The practical result is a reviewer with memory and tools.
| Review model | What it sees | How it improves |
|---|---|---|
| Static bot | Only the current diff and built-in heuristics | Mostly offline product updates |
| Learned bot | Diff plus feedback from prior PRs | Learned rules from real reviewer signals |
| Tool-using bot | Diff plus external context from MCP servers | Better context from repo-adjacent systems |
Cursor also says Bugbot's resolution rate is now 78%. That number matters less as a benchmark trophy and more as evidence that the product is now using live feedback as a first-class input.
Why this matters
The old mental model for code review tools was simple. They were expensive linters, maybe with some semantic awareness. They could catch obvious issues, but they did not really learn your team.
Bugbot's learned rules suggest a different model. The bot can observe what reviewers reject, what they explain, and what humans catch that it missed. Over time, that turns review from a stateless pass over a patch into a local policy system.
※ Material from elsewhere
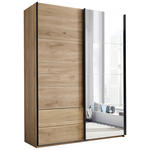 SCHWEBETÜRENSCHRANK  in Eichefarben  - Eichefarben/Schwarz, MODERN, Glas/Holzwerkstoff (170/225,5/60cm) - Xora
That is a better fit for real teams because teams do not review code with abstract correctness alone. They review for:
- product constraints
- security expectations
- architectural boundaries
- naming and style conventions
- repository-specific traps that are not obvious from the code alone
A static model can know general best practices. A learned review system can start reflecting the team's actual preferences.
MCP makes the review surface bigger
The other notable change is MCP support.
Once a review bot can query tools, code review stops being limited to the diff in front of it. A bot can potentially inspect adjacent context, fetch policy information, or consult domain-specific data sources before it speaks.
That is useful, but it also raises the bar for control.
| Benefit | Risk |
|---|---|
| Better context on complex PRs | Tool scope can leak more data than intended |
| More precise findings | More moving parts to audit and secure |
| Fewer generic comments | More chances for bad tool configuration to create noisy or unsafe behavior |
The lesson is not that MCP is unsafe. The lesson is that tool access changes the review bot from a comment generator into an operational actor. That deserves the same discipline we apply to any other production integration.
What teams should do with this
If you are using Bugbot or anything similar, the useful response is not "turn it on and hope."
The better response is to treat learned review like a control loop:
- Make reviewer feedback structured enough to train on.
- Audit learned rules the same way you audit policy changes.
- Scope tool access narrowly when attaching MCP servers.
- Watch for rule drift when a repository changes shape.
- Keep humans responsible for final merge decisions on sensitive paths.
That is especially important because the failure mode is subtle. A review bot that gets better at finding issues can also get better at encoding the wrong local norm if the team feeds it inconsistent signals.
The larger trend
Cursor is not alone here. The broader market is moving toward agentic development environments where tools can act, learn, and coordinate instead of just autocomplete.
Bugbot is a useful signal because code review is one of the hardest places to fake usefulness. If a product can keep up there, with real pull requests, real feedback, and real team-specific context, then the product category is no longer just "AI-assisted review."
It is becoming a review layer with memory.
That matters because code review is one of the last places where teams still expect a disciplined human judgment loop. Once that loop becomes machine-assisted, the important question is not whether the bot can comment.
It is whether the bot can absorb the team's policy without becoming a source of policy drift.
Final note
Cursor's Bugbot update is interesting because it is small in surface area and large in implication.
Learned rules make code review adaptive. MCP support makes it contextual. Together, they point to a future where review systems are closer to configurable operators than static analyzers.
That future will be more useful, but it will also require tighter governance. Teams that want the speedup will need to own the feedback loop, the tool boundaries, and the rules those systems learn.